Higher Half Kernel
The kernel is currently linked at address 0x100000
, not at the higher half of the address space. The UEFI environment does have paging enabled, but we need to build our own page tables, and map the kernel at the higher half of the address space. This needs to be done in the bootloader, before we jump to the kernel (since we'll change the kernel to be linked at the higher half). Once we're in the kernel, we can set up different page tables that fit our needs.
Linking the kernel
To link the kernel at the higher half of the address space, we need to change the base address of the kernel in the linker script. However, instead of linking the kernel at exactly 0xFFFF800000000000
, we'll link it at 1 MiB above that address, i.e. 0xFFFF800000100000
. This will make virtual addresses and physical addresses line up nicely, and we can compare them visually by just looking at least significant bytes of the address, which makes debugging page table mappings easier.
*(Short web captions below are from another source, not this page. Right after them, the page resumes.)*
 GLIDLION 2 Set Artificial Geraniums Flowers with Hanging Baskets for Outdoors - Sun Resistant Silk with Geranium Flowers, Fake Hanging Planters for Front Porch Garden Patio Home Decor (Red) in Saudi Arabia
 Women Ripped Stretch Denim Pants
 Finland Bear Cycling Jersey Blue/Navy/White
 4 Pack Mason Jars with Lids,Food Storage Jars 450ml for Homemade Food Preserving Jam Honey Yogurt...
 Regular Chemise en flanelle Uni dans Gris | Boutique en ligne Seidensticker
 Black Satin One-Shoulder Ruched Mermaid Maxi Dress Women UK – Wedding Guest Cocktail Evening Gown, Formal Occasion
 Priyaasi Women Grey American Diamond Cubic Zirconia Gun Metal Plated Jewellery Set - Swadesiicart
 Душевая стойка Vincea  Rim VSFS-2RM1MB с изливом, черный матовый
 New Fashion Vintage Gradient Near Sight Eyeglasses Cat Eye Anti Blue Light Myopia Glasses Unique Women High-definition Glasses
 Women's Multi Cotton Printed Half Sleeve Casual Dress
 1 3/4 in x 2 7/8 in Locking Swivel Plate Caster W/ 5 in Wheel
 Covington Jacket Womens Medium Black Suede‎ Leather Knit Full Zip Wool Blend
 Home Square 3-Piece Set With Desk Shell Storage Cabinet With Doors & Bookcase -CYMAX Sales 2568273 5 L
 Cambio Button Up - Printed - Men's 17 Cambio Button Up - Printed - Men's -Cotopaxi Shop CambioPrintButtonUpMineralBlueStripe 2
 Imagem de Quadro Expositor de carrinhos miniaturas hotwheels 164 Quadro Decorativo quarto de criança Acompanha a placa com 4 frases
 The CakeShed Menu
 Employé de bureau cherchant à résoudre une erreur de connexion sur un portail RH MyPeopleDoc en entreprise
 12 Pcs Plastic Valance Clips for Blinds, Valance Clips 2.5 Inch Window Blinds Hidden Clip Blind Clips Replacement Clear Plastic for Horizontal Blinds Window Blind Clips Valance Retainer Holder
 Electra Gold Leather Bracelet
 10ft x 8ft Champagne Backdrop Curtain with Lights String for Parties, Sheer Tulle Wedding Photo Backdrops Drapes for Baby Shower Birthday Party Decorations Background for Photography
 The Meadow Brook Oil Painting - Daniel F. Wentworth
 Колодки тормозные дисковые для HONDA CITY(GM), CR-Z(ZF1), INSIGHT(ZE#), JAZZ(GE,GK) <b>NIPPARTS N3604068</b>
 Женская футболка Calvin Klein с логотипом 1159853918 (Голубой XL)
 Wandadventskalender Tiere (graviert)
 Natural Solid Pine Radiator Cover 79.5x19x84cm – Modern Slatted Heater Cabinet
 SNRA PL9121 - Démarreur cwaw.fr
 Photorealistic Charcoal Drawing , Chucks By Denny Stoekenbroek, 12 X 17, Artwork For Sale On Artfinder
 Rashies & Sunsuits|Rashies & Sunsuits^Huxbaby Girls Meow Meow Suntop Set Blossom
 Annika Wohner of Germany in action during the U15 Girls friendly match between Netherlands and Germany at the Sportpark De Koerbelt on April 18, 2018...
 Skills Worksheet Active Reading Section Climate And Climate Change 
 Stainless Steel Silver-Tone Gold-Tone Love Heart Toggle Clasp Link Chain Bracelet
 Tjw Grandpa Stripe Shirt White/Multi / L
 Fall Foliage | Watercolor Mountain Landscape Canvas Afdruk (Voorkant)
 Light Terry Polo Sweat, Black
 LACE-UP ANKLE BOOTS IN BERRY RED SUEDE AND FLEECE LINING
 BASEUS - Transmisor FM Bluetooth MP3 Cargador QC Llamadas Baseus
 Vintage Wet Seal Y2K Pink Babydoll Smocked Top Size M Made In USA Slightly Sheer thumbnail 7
/* src/kernel/kernel.ld */
SECTIONS
{
. = 0xFFFF800000100000;
.text : {
*main*.o(.*text.KernelMain)
*main*.o(.*text.*)
*(.*text*)
}
.rodata : { *(.*rodata*) }
.data : { *(.*data) *(.*bss) }
.shstrtab : { *(.shstrtab) }
/DISCARD/ : { *(*) }
}
If we try to compile and link the kernel, we'll get a bunch of relocation errors:
$ just kernel
ld.lld: error: .../fusion/build/@mmain.nim.c.o:(function KernelMainInner__main_u7: .text.KernelMainInner__main_u7+0x232): relocation R_X86_64_32S out of range: -140737488267184 is not in [-2147483648, 2147483647]; references section '.rodata'
>>> referenced by @mmain.nim.c
...
The problem here is that the compiler has something called a "code model", which determines how it generates code. The default code model is small
, which means that the compiler assumes that the code and data are linked in the lower 2 GiB of the address space. What we need here is the large
code model, which assumes that the code and data are linked anywhere in the address space. We can specify the code model using the -mcmodel
flag, so let's add it to the kernel's nim.cfg
file.
# src/kernel/nim.cfg
...
--passc:"-mcmodel=large"
Now the kernel should compile and link successfully. Let's take a quick look at the linker map.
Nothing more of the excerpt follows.